|DESA News Vol. 11, No. 12||December 2007|
New DESA report cautions on the growth of job insecurity and most forms of inequality
“Employment and decent work need to be not a by-product but a central objective of development strategies,” said Under-Secretary-General for Economic and Social Affairs, Sha Zukang, at a press briefing on 28 November in New York to launch of the Report on the World Social Situation 2007 subtitled The Employment Imperative. The report calls for making the promotion of employment and decent work the cornerstone of government policy, and for setting up basic universal social protection to address recent developments in the world of work.
On the employment front, “we see a number of worrisome trends,” advised Mr. Sha. Globally, despite robust rates of economic growth, “employment creation is lagging behind growth of the working-age population.” According to the report, global unemployment increased from 6.0 to 6.3 percent between 1996 and 2006 despite expansion of global output of 3.8 percent per year in the same period. “Economic growth and job growth are not trending together, to the detriment of our societies and citizens,” Under-Secretary-General Sha cautioned.
Meanwhile, employment conditions are deteriorating. “There is greater economic insecurity for most workers and greater levels of most forms of inequality in society,” he said. “Workers with low education and low skills have been hit particularly hard,” and “macroeconomic and social policies have not been successful in lowering unemployment rates to desirable levels.”
Johan Schölvinck, Director of DESA’s Division for Social Policy and Development elaborated that the report finds employment increasingly dominated by the service sector, with a global trend towards informal and casual forms of employment.
“Economic liberalization has not necessarily stimulated economic growth, as policy-makers had hoped,” he stressed. Rather, “Volatility in macroeconomic performance and employment has increased as a result of economic reforms, especially those relating to international trade and financial liberalization.” At the same time, emphasis on fiscal prudence has led to general reductions in public expenditures aimed at promoting growth and employment, further exacerbating job insecurity.
Income distribution has shifted towards capital at the expense of labour, Mr. Schölvinck noted, creating wage differentials that contributed to raising inequality. In these circumstances, “Redistributive policies should be implemented to expand access to productive assets and employment opportunities.”
With public health care on the retreat and pensions and social benefits under pressure, Mr. Schölvinck pointed out, “A consensus is emerging that the state should take the responsibility to establish a universal minimal level of social protection.”
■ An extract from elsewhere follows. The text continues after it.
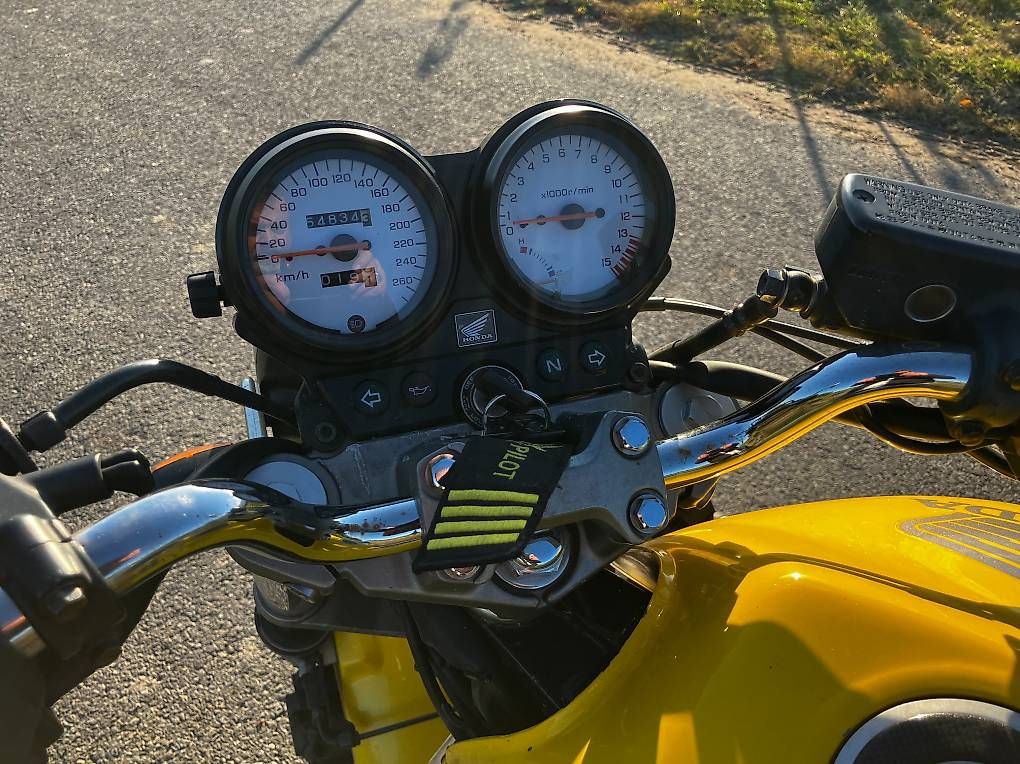 Strada: HONDA Hornet CB600 – Usato da Bernex venduto da ati_5d85 1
For more information: http://www.un.org/esa/socdev/rwss/media07/
The Division for the Advancement of Women, with support from the UN High Commissioner for Refugees, will moderate a discussion on women in leadership roles from 19 November to 15 December. The objective of the discussion, which is open to the public, is to improve understanding of the factors affecting access and retention of women in decision-making positions, to share available data, to identify barriers to participation in decision-making bodies, and to learn about good practices that can enhance the role of women in these areas.
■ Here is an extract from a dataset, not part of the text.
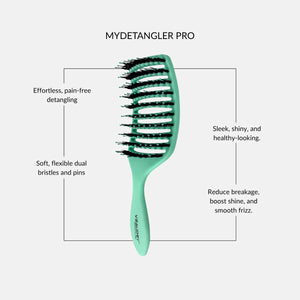 myDetangler Pro - Teal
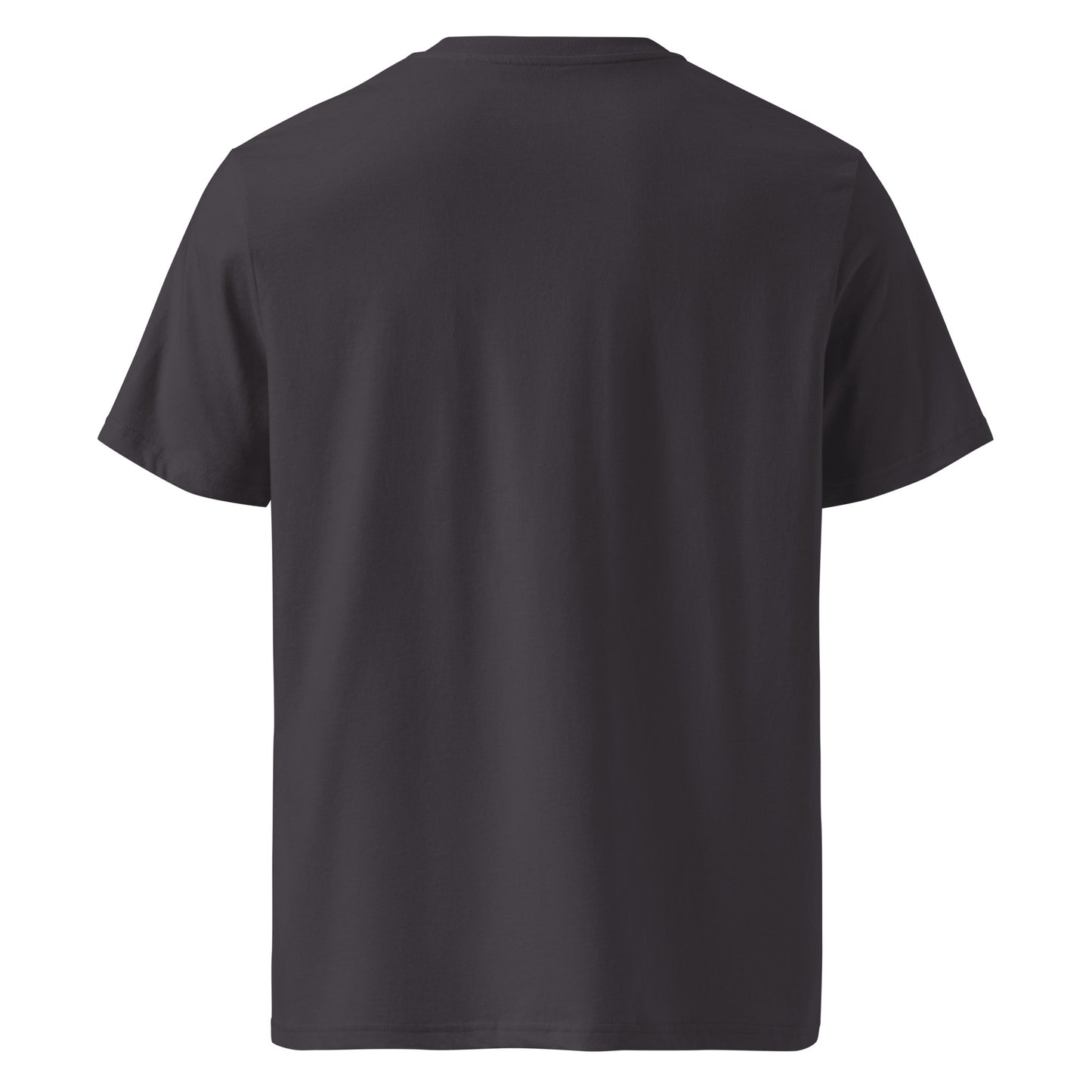 Clean Board Organic Cotton Regular Skate T-Shirt Dark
The full participation of women in decision-making processes has been recognized as a human right in international human rights conventions and global policy frameworks and as critical for the achievement of gender equality. The Committee on the Elimination of Discrimination against Women has repeatedly called for the promotion of women to management positions in the public and private sectors, while the outcome of the Fourth World Conference on Women in 1995 recognized that inequality between men and women in the sharing of power and decision-making at all levels is not only a precondition for justice or democracy but is also a necessary condition for ensuring that women’s interests and rights are taken into account.
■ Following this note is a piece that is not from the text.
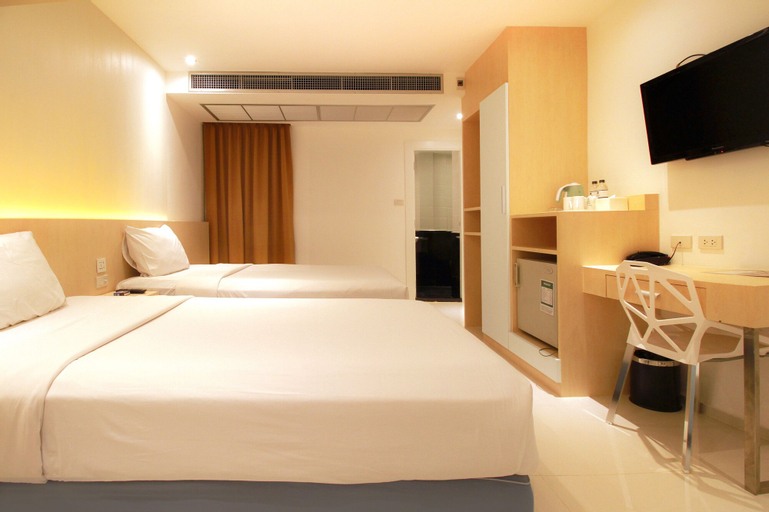 Ten Stars Inn Pratunam Hotel, Ratchathewi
During the last decade, women’s participation in decision-making has been growing, albeit slowly. Women are increasingly assuming senior-level positions in different areas, including the economy, the public and private sectors, the judiciary, international affairs, academia, trade unions, the media, non-governmental organizations and others. The evidence suggests that women’s participation in and contributions to decision-making processes has improved the quality of policy outcomes. In many countries, for example, women inside the government and within civil society organizations have played a critical role in passing laws and developing policies that address women’s and children’s rights in areas directly related to poverty reduction and violence against women.
While data are increasingly available on women’s participation in decision-making in political bodies such as parliaments and governments since 1995, there is a persistent lack of information, including quantitative data and qualitative analysis, on the extent to which women are equally represented in high-level positions in public administration, including the judiciary, private sector, academia, media, civil society, trade unions and professional associations. Little is known about women’s leadership roles in civil society outside organizations dealing with women’s and children’s rights and needs.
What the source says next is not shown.